_Task directions_. An exact copy of every record below is required, with the pictures left out.
*** Records supplied ***
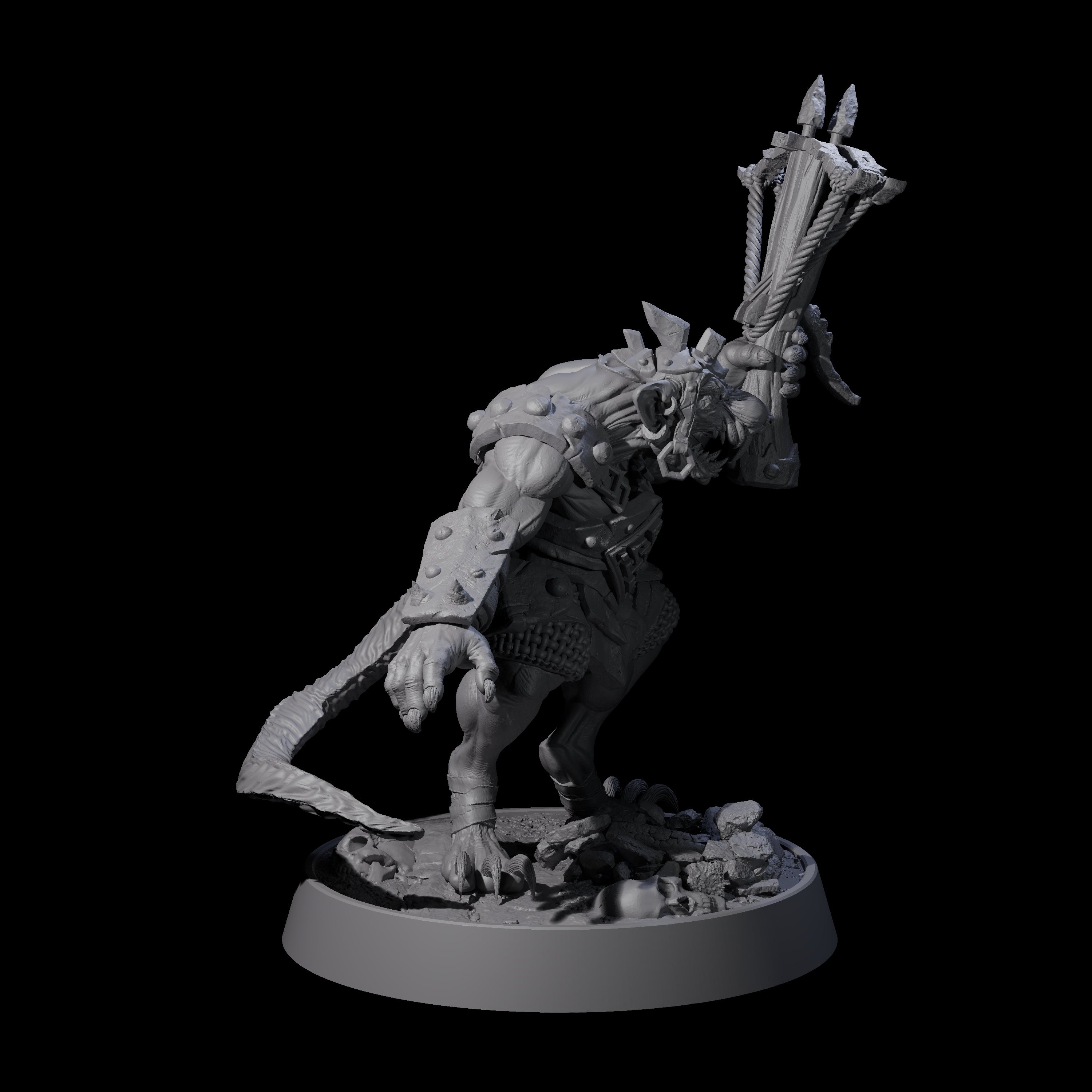 Sewer Dwelling Ratfolk H Miniature for Dungeons and Dragons, Pathfinder or other TTRPGs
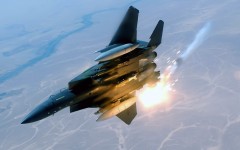 Desktop wallpaper. F-15 Eagle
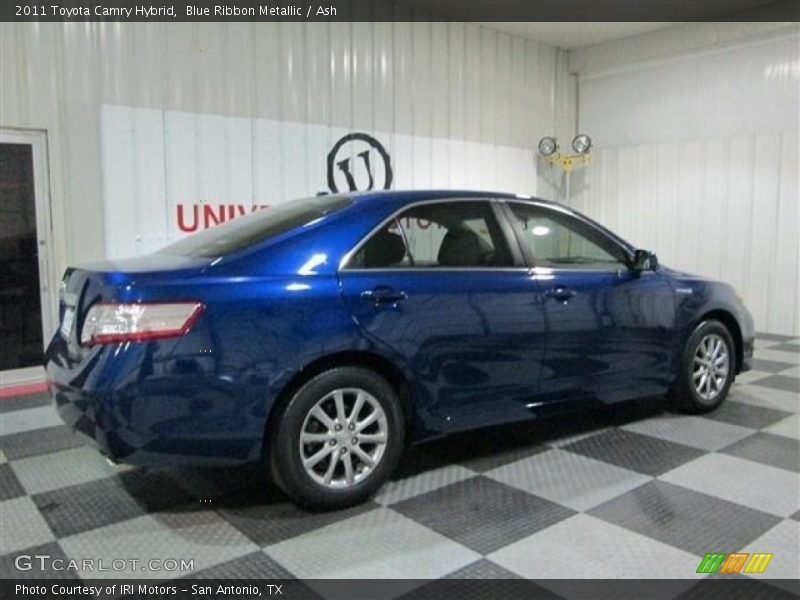 Blue Ribbon Metallic / Ash 2011 Toyota Camry Hybrid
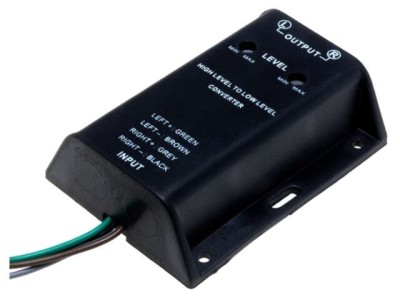Convertor nivel semnale aurit 40W foto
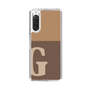 Slim Protection Case［ Original - initial two tone - G brown ］
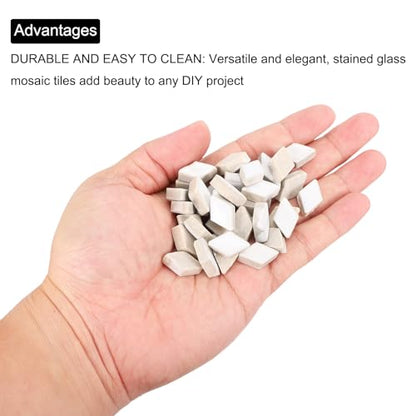 200g Ceramic Mosaic Tiles for Crafts Bulk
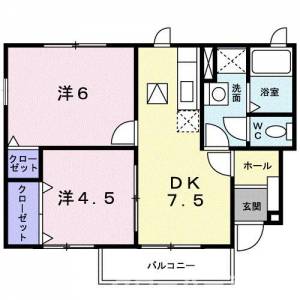 ハッピーセブン 101の間取り画像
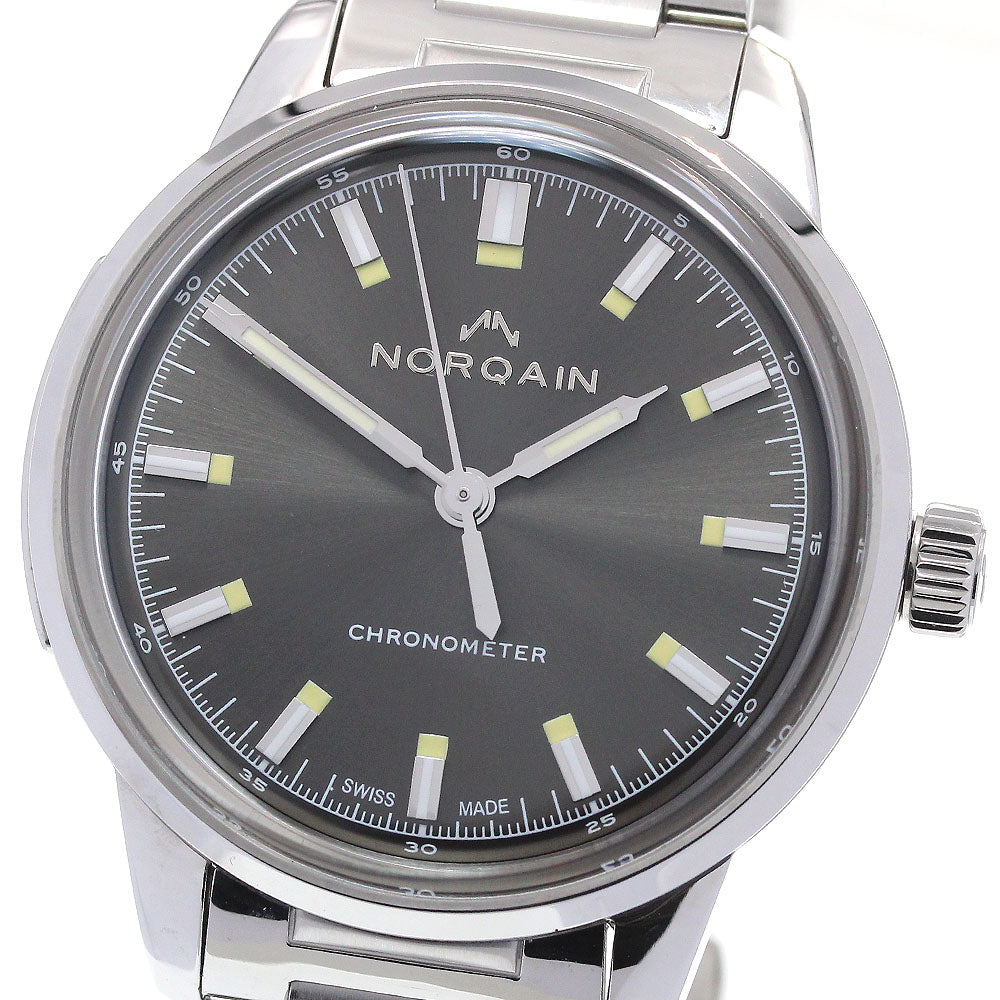 NORQAIN NN2001SA/T201/203S Freedom 60 39mm Automatic Men's Watch Excellent Condition with Box and Warranty Card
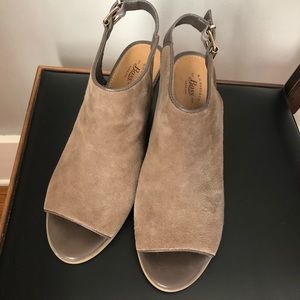 Bass Peep Toe Booties size 9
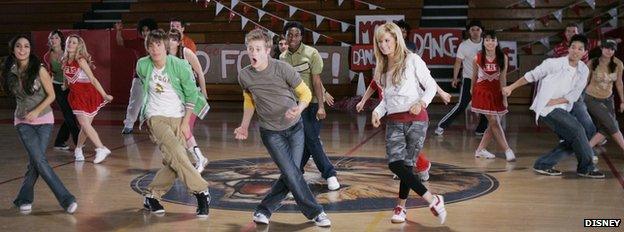 Scene from High School Musical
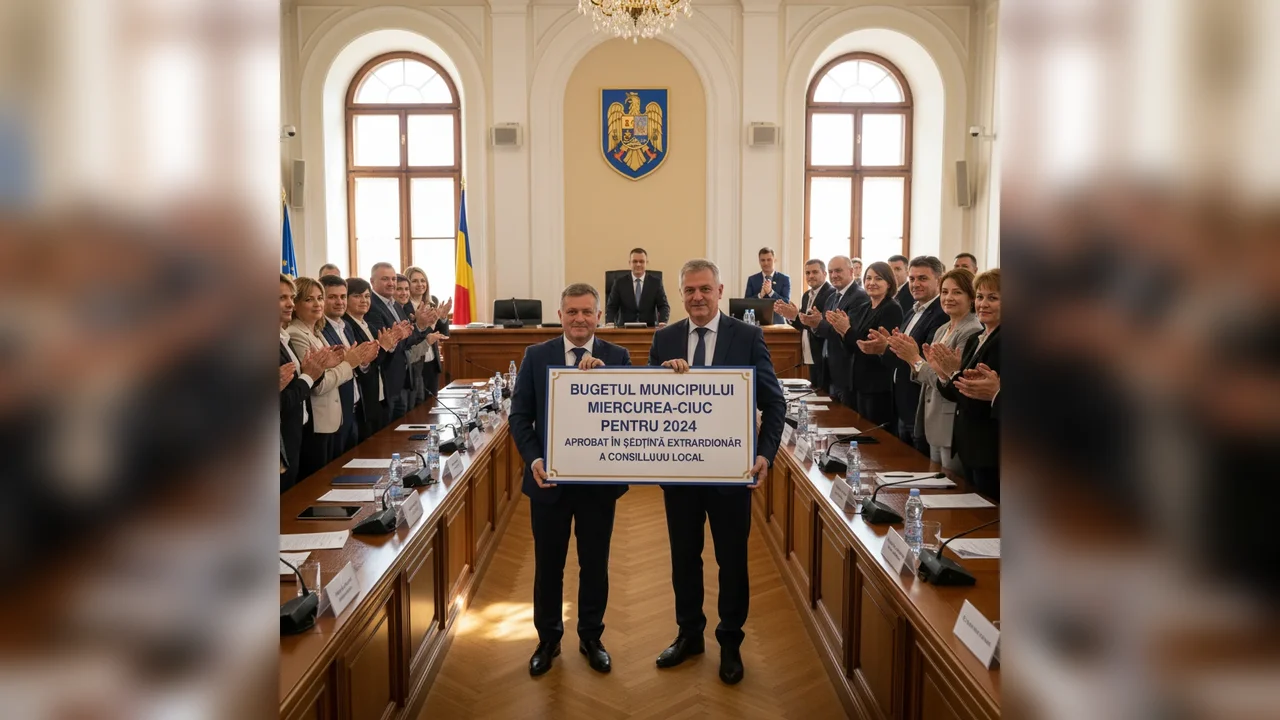 Bugetul municipiului Miercurea-Ciuc pentru 2024, aprobat în ședință extraordinară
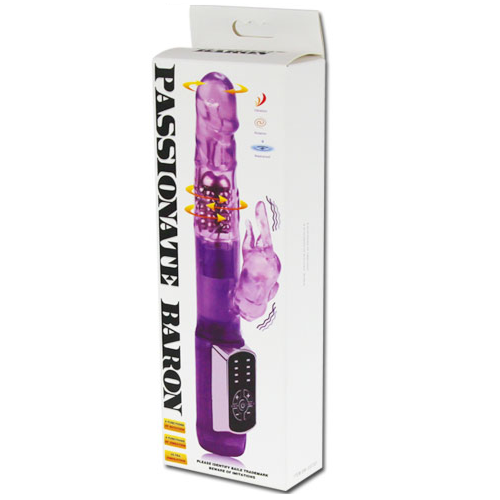 Rabbit Vibrator BAILE Rabbit Passion Baron med Bakgrundsbelyst Kontroll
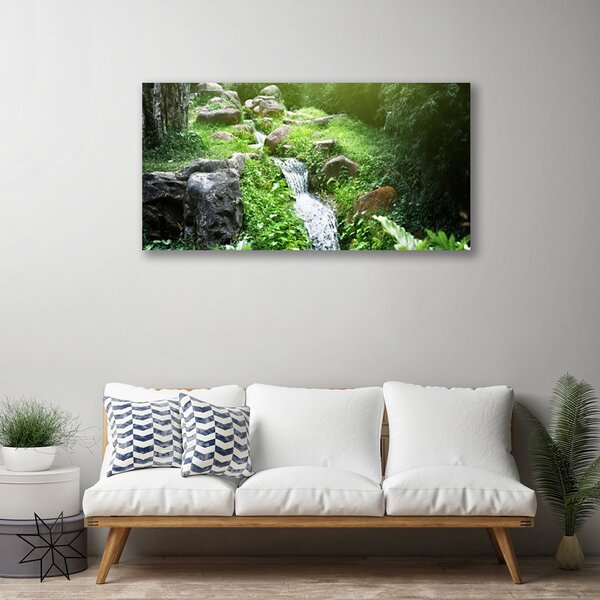 Quadro su tela Pianta della natura 100x50 cm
***
_Output below_.
 Sewer Dwelling Ratfolk H Miniature for Dungeons and Dragons, Pathfinder or other TTRPGs
 Desktop wallpaper. F-15 Eagle
 Blue Ribbon Metallic / Ash 2011 Toyota Camry Hybrid
Convertor nivel semnale aurit 40W foto
 Slim Protection Case［ Original - initial two tone - G brown ］
 200g Ceramic Mosaic Tiles for Crafts Bulk
 ハッピーセブン 101の間取り画像
 NORQAIN NN2001SA/T201/203S Freedom 60 39mm Automatic Men's Watch Excellent Condition with Box and Warranty Card
 Bass Peep Toe Booties size 9
 Scene from High School Musical
 Bugetul municipiului Miercurea-Ciuc pentru 2024, aprobat în ședință extraordinară
 Rabbit Vibrator BAILE Rabbit Passion Baron med Bakgrundsbelyst Kontroll
 Quadro su tela Pianta della natura 100x50 cm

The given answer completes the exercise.